=== TO DO ===
Print the entries below word for word; the pictures stay out of your copy.

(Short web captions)
********************

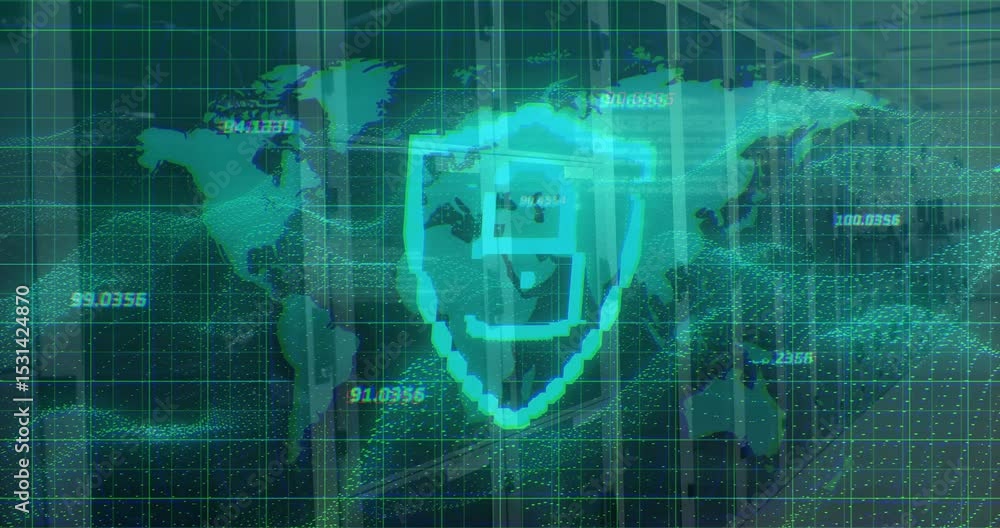 Poster grid overlaying map ui initiating data labels fading and wave sweeping while shield securing data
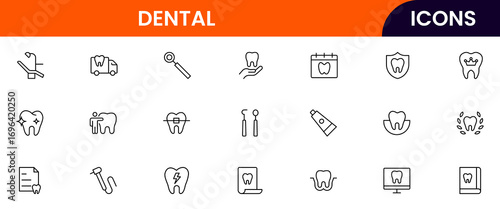 Dental vector web line icon collection, sleek illustrations of teeth, tools, and oral care for professional dental and health designs.
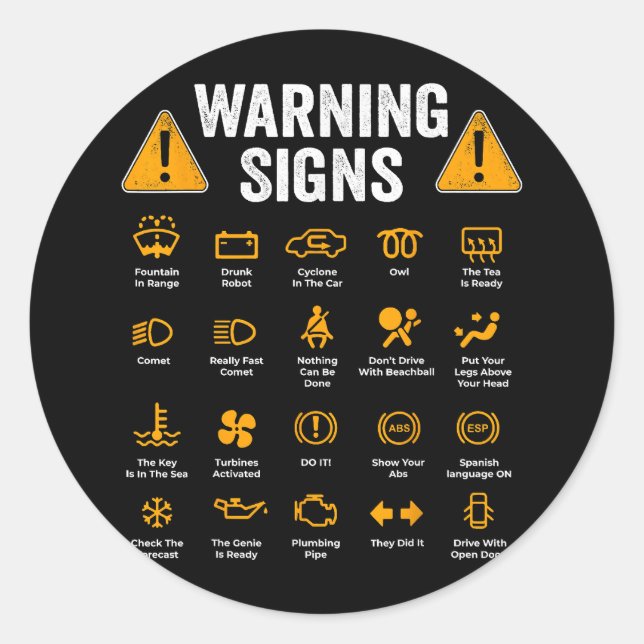 Pegatina Redonda Signos de advertencia de conducción divertidos 101 (Anverso)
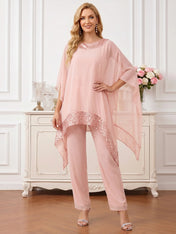 Round Neck Asymmetric Chiffon Poncho Pant Set with Shimmering Sequin Trim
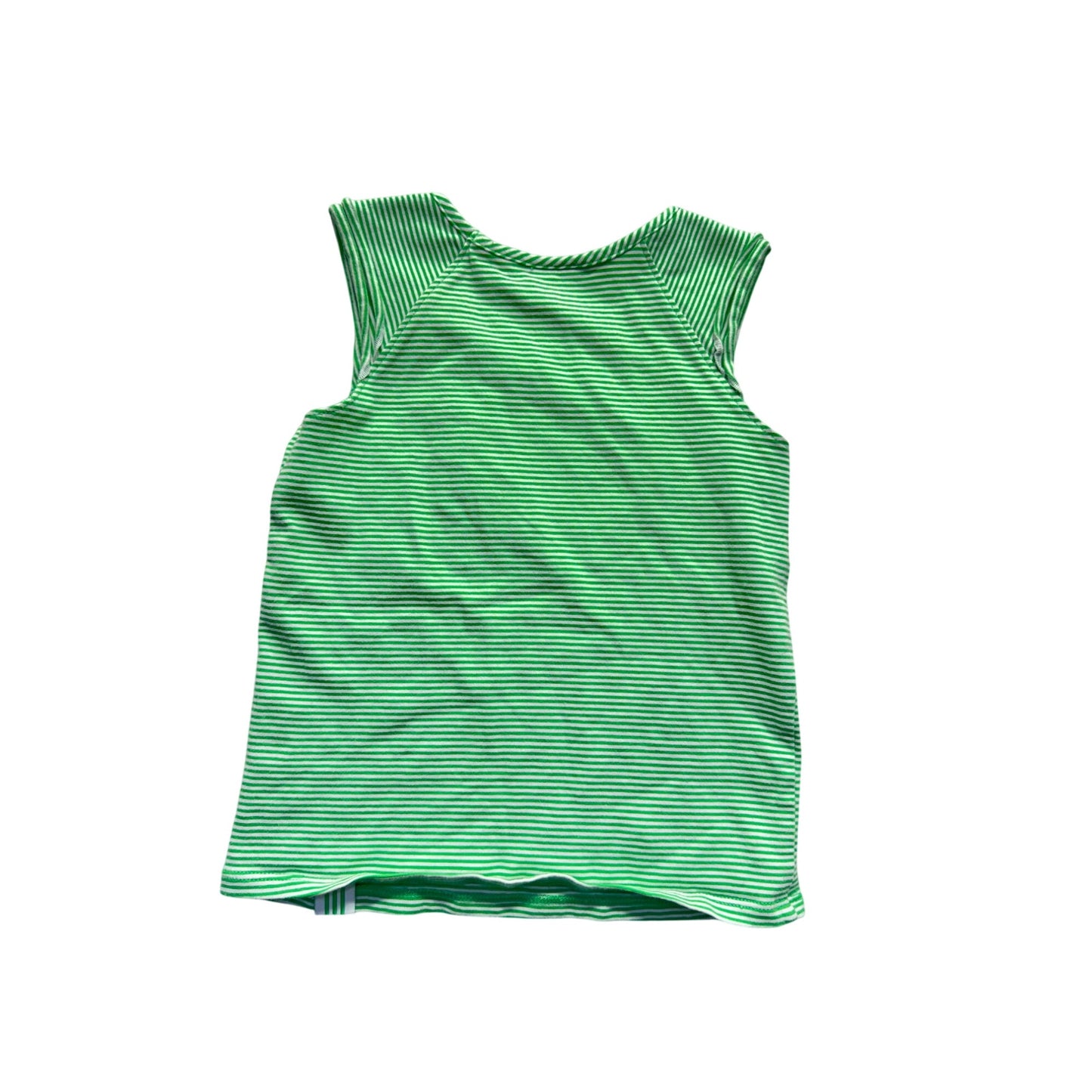Adidas Green Striped Tank Top 18M Cotton Sleeveless #9200
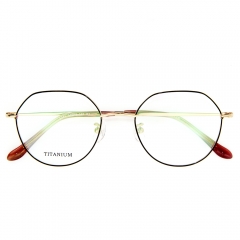 5081 - Fashion eyeshape traditional temple design titanium frame for lady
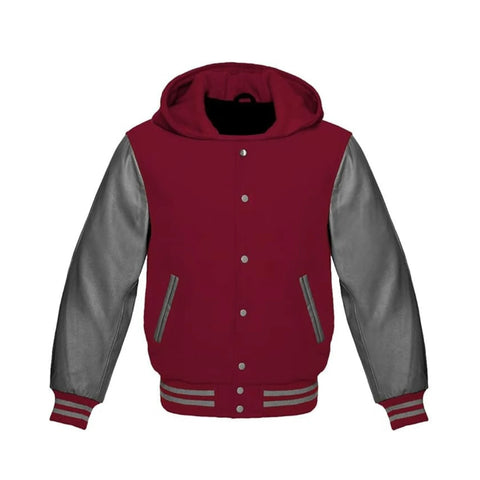 Maroon Wool and Grey Leather Hooded Varsity Jacket
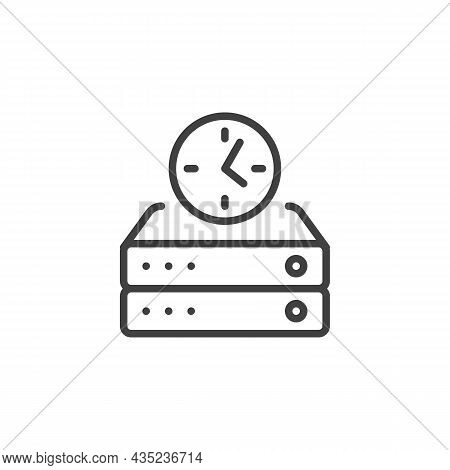 Real-time Data Line Icon. Linear Style Sign For Mobile Concept And Web Design. Data Timer Outline Ve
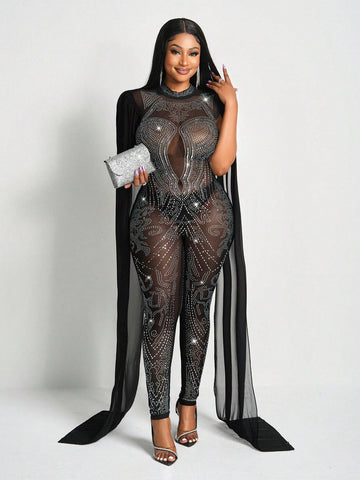 New Sexy And Gorgeous Small Stand-Up Collar Sleeveless Full Rhinestones With Cape Slim Fit Mesh See-Through Women's Tight Jumpsuit-Z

********************

=== TASK RESULT ===
 Poster grid overlaying map ui initiating data labels fading and wave sweeping while shield securing data
 Dental vector web line icon collection, sleek illustrations of teeth, tools, and oral care for professional dental and health designs.
 Pegatina Redonda Signos de advertencia de conducción divertidos 101 (Anverso)
 Round Neck Asymmetric Chiffon Poncho Pant Set with Shimmering Sequin Trim
Adidas Green Striped Tank Top 18M Cotton Sleeveless #9200
 5081 - Fashion eyeshape traditional temple design titanium frame for lady
 Maroon Wool and Grey Leather Hooded Varsity Jacket
 Real-time Data Line Icon. Linear Style Sign For Mobile Concept And Web Design. Data Timer Outline Ve
 New Sexy And Gorgeous Small Stand-Up Collar Sleeveless Full Rhinestones With Cape Slim Fit Mesh See-Through Women's Tight Jumpsuit-Z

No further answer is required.